*GIVEN ENTRIES*.
╔══
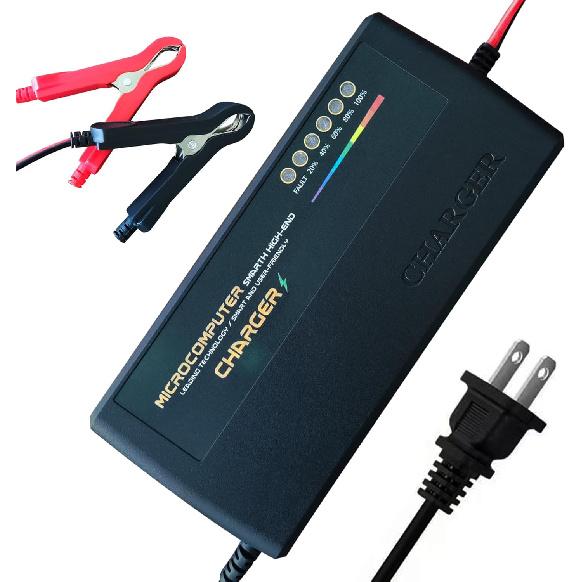 Зарядное устройство для литиевой батареи 48 В, 58,4 В 5 А, зарядное устройство LiFePO4 для литий-железо-фосфатной батареи, капельное зарядное устройство, поддерживающее зарядное устройство, умное зарядное устройство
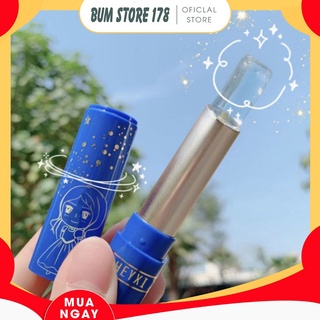 Son dưỡng nội địa Trung dạng thạch Heyxi đổi màu theo thời gian, Son dưỡng hồng môi hãng Heyxi vị Berry hương hoa Hồng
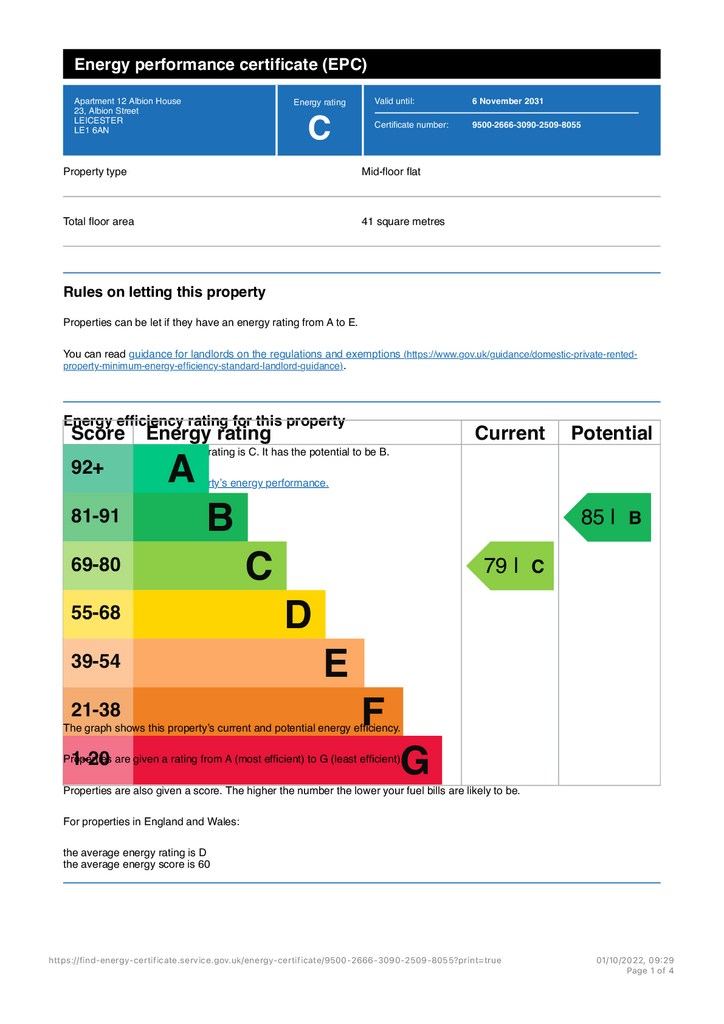 Energy Performance Certificate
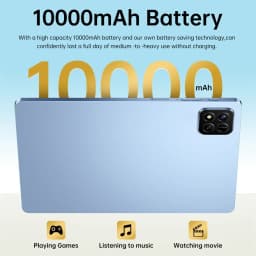 CHOTOG Pad 7s Pro 5G Dual SIM Tablet 10.1inch Tablet Android 15 16+32MP Tab 22GB+2TB Children's Tablets 10000mAh Tab PC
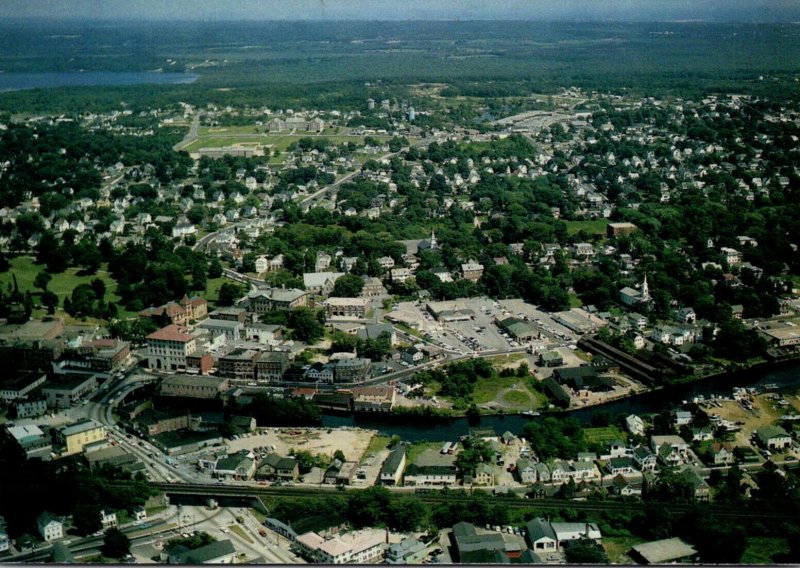 Aerial View Of Westerly Rhode Island and Pawcatuck Connecticut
╚══
*WHAT TO PRODUCE*. Only the lines from the one containing "CHOTOG Pad 7s" through the last line of the data belong in the copy, both included and reproduced exactly. Pictures do not.

*TASK ANSWER*.
 CHOTOG Pad 7s Pro 5G Dual SIM Tablet 10.1inch Tablet Android 15 16+32MP Tab 22GB+2TB Children's Tablets 10000mAh Tab PC
 Aerial View Of Westerly Rhode Island and Pawcatuck Connecticut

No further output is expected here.